On one of my sites I have a picture gallery which uses session id's.

If a SE bot comes by, I have the session manager remove the session id, simply by looking at the user-agent, if it contains "bot", then don't append session id. This should work for Google.

To my big surprise however many many pages of the gallery have their session-id appended in the google cache.

Of course this can happen when a user links a picture with its session-id appended from somewhere.

In my case however the (many) cached pages with session-id all origin from a certain period, march - april 2006.

I wonder how this may have happened....

As far as I can see I haven't touched the session code since 2005, so this is not the problem.

Googlebot didn't identify itself as bot; very unlikely.

Many people linked to my pictures with session-id appended; very unlikely.

Someone has been busy entering pages with session-id appended to deliberatly create duplicate content; my paranoia?, but I can't think of another reason how this could have happened.....?

I recently created a sitemap for the gallery, and will think of a solution to prevent this from happening in the future, something like: if ((user-agent == bot) AND (session-id) then {301 to same page without session-id}

g1smd

10:35 am on Oct 2, 2006 (gmt 0)

WebmasterWorld Senior Member 10+ Year Member Top Contributors Of The Month



Does the MediaPartners UA include the letters "bot"?

Both that and normal Googlebot spidering are used to make the SERPs.

Vienix

10:59 am on Oct 2, 2006 (gmt 0)

10+ Year Member



As far as I know the Adsense bots user-agent is:

Mediapartners-Google/2.1 (http://www.googlebot.com/bot.html)

So it contains "bot" ....

Vienix

2:59 am on Oct 3, 2006 (gmt 0)

10+ Year Member



g1smd...

Are you sure that the "Adsense Bot" is also used for listing pages in the serps?

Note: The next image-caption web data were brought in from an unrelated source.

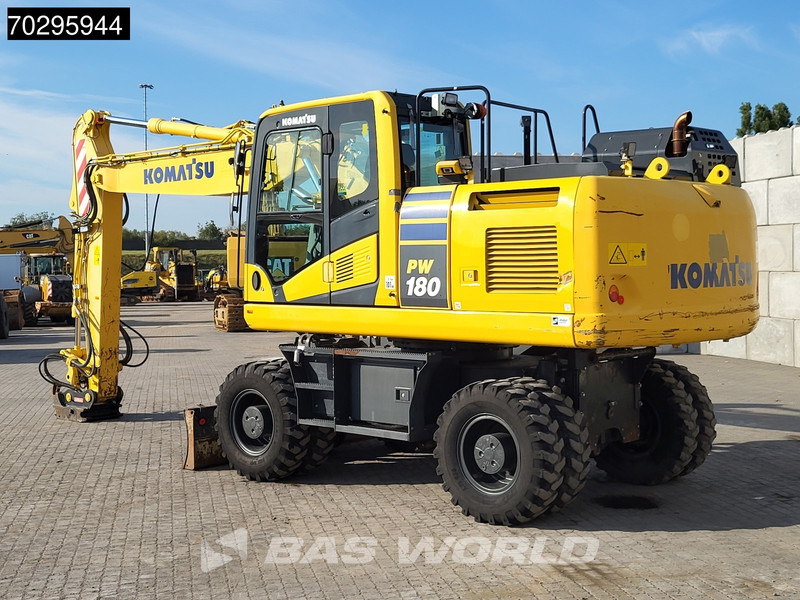 Komatsu PW180 -11 - Pyöräalustainen kaivinkone: kuva Komatsu PW180 -11 - Pyöräalustainen kaivinkone Komatsu PW180 -11 - Pyöräalustainen kaivinkone: kuva Komatsu PW180 -11 - Pyöräalustainen kaivinkone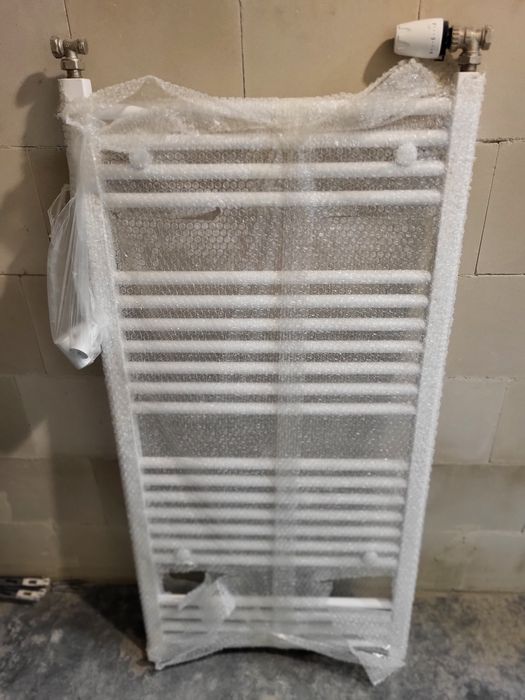 Nowy Kaloryfer łazienkowy duży 128cmx 59,5cm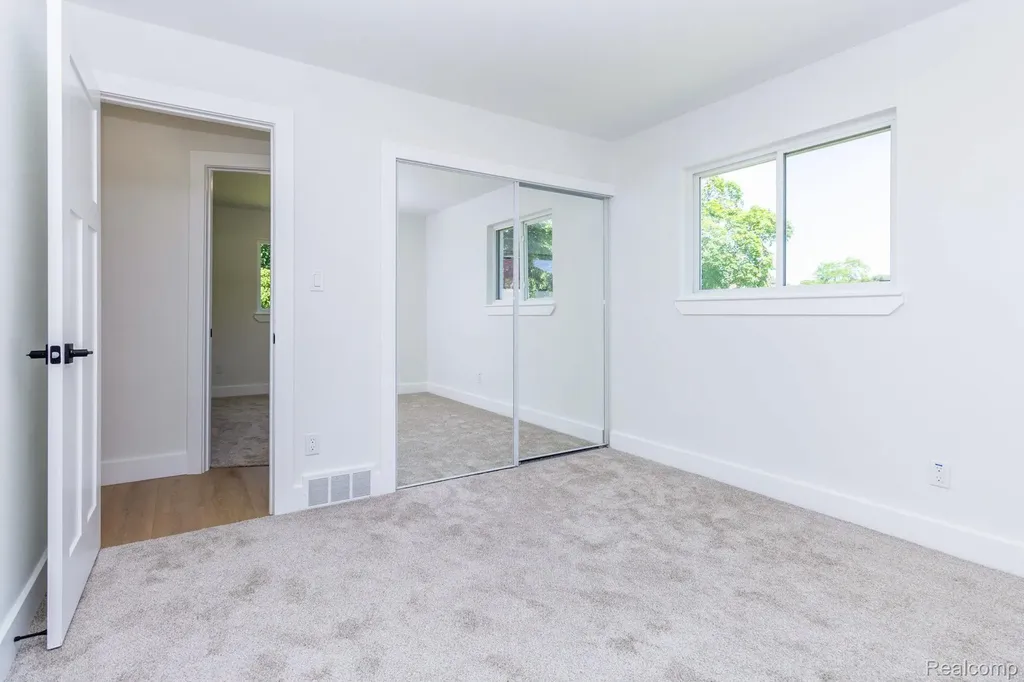 2018 Kenwood Court Royal Oak City MI 48067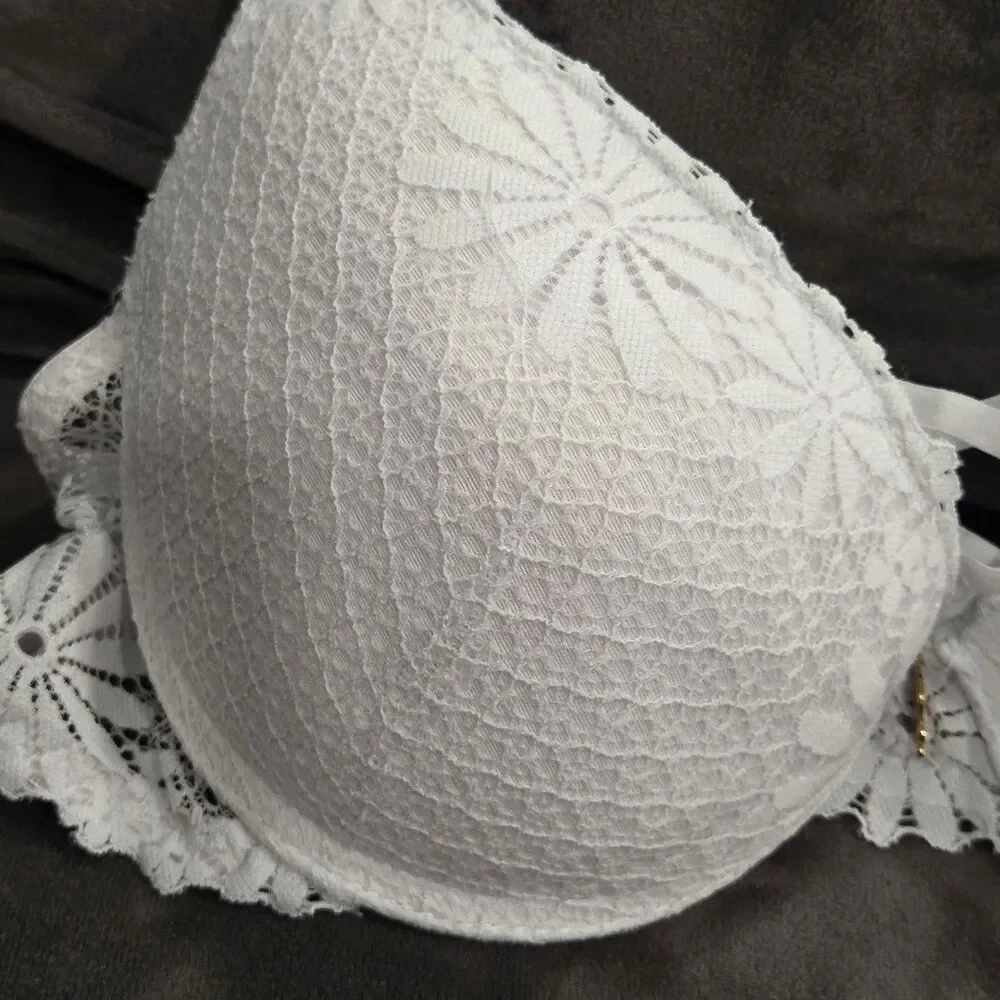Juicy Couture Intimates White Lace Underwire Push Up Bra 34C Style 5250-70 Sexy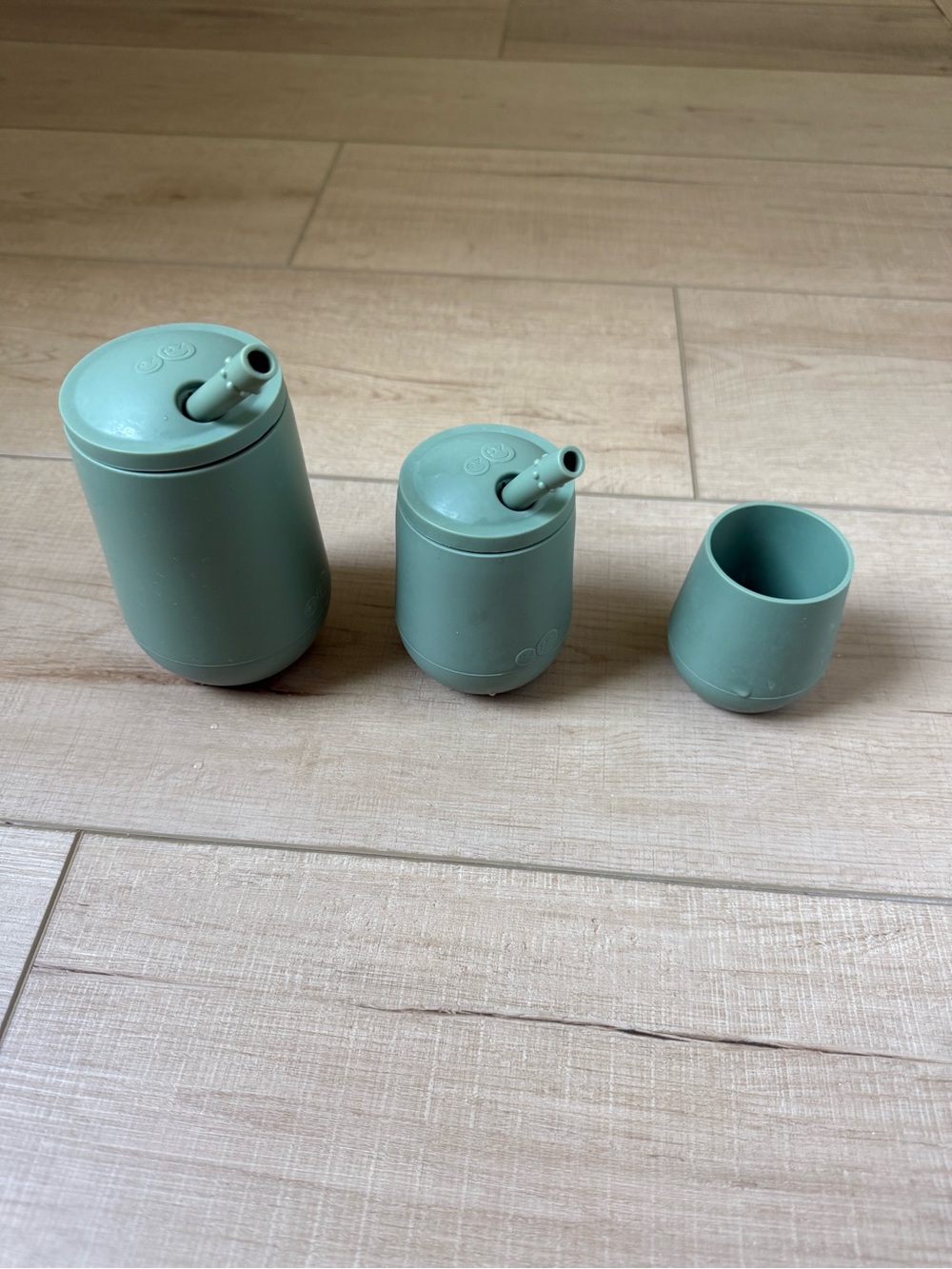 ezpz Developmental Silicone Kids Cup Set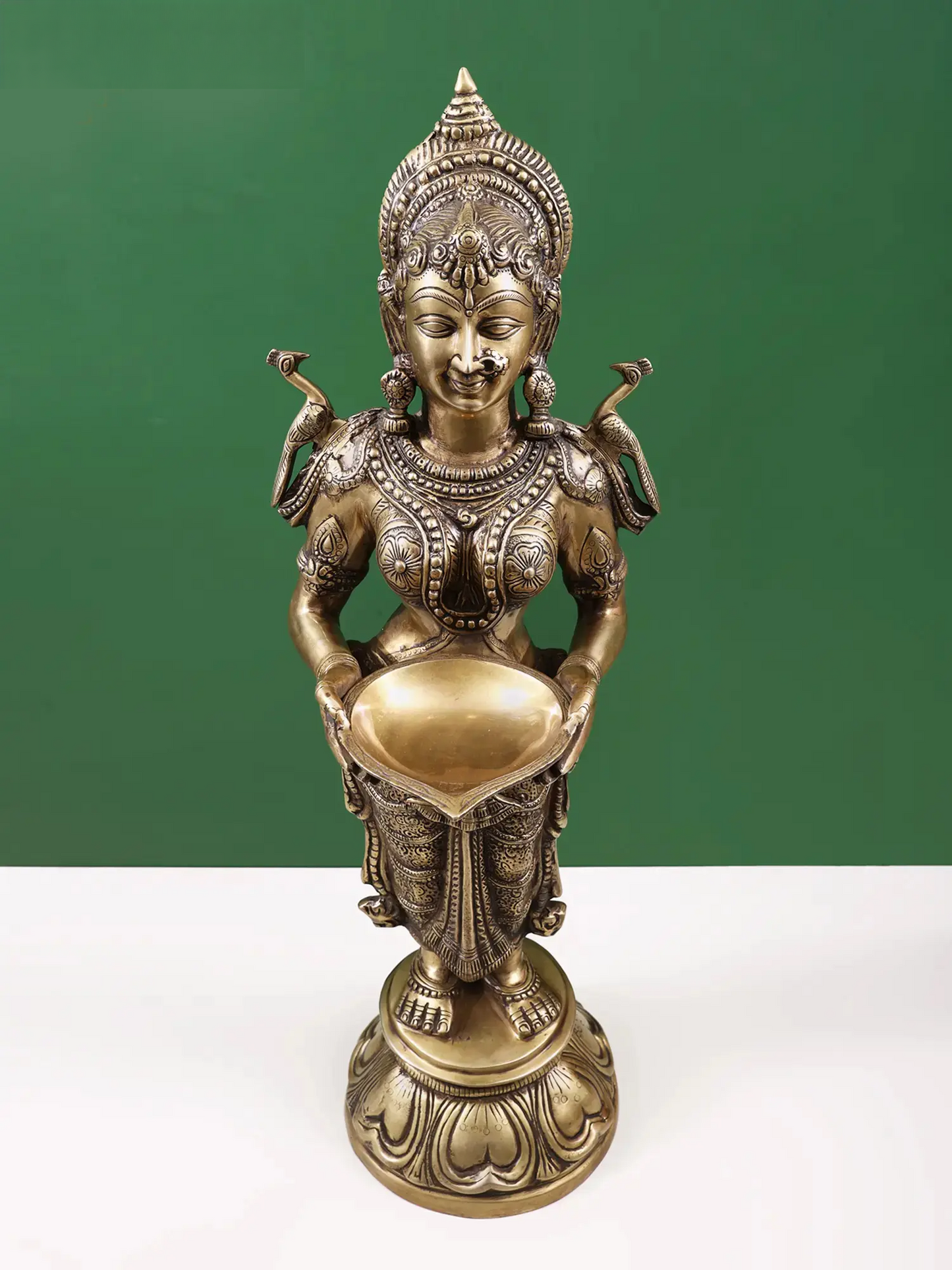 Brassaura® Deep Lakshmi Standing Oil Lamp | Intricate Traditional Brass Work | Height 29.9 Inches & Weight 15.40 kgs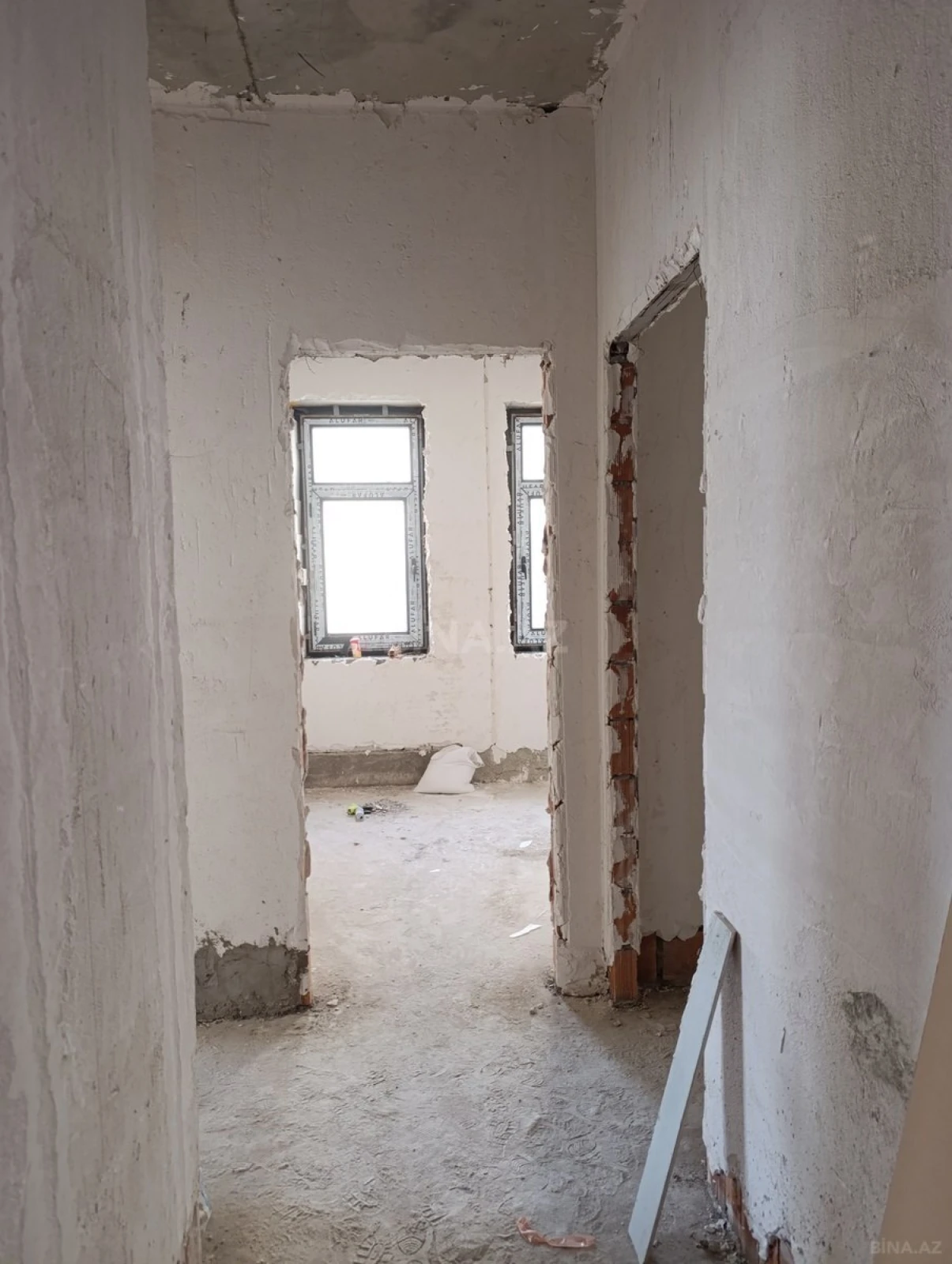 Satılır 4 otaqlı mənzil 125 m²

According to the robots.txt analysis tool the Mediapartners bot doesn't obey the ordinary Googlebot entries in the robots.txt....

regards,

Bert

tedster

3:16 am on Oct 3, 2006 (gmt 0)

WebmasterWorld Senior Member 10+ Year Member



You can be sure of it. That was one of the spidering changes that came along with the new Big Daddy infrastructure -- the spiders all share a common cache. This was discussed a lot at the last PubCon.

So if mediabot grabs a url for an Adsense page that is also in the main search index, then regular googlebot will not waste your bandwidth and theirs by grabbing the same url in the same time interval.

However, if the robots.txt excludes that particular url, then the cached content should not cross over to regular search.

g1smd

10:57 pm on Oct 3, 2006 (gmt 0)

WebmasterWorld Senior Member 10+ Year Member Top Contributors Of The Month



Matt Cutts did a post on his blog about the new Google proxy caching at least several months ago.

I'd guess at least as far back May or June timescale, if asked.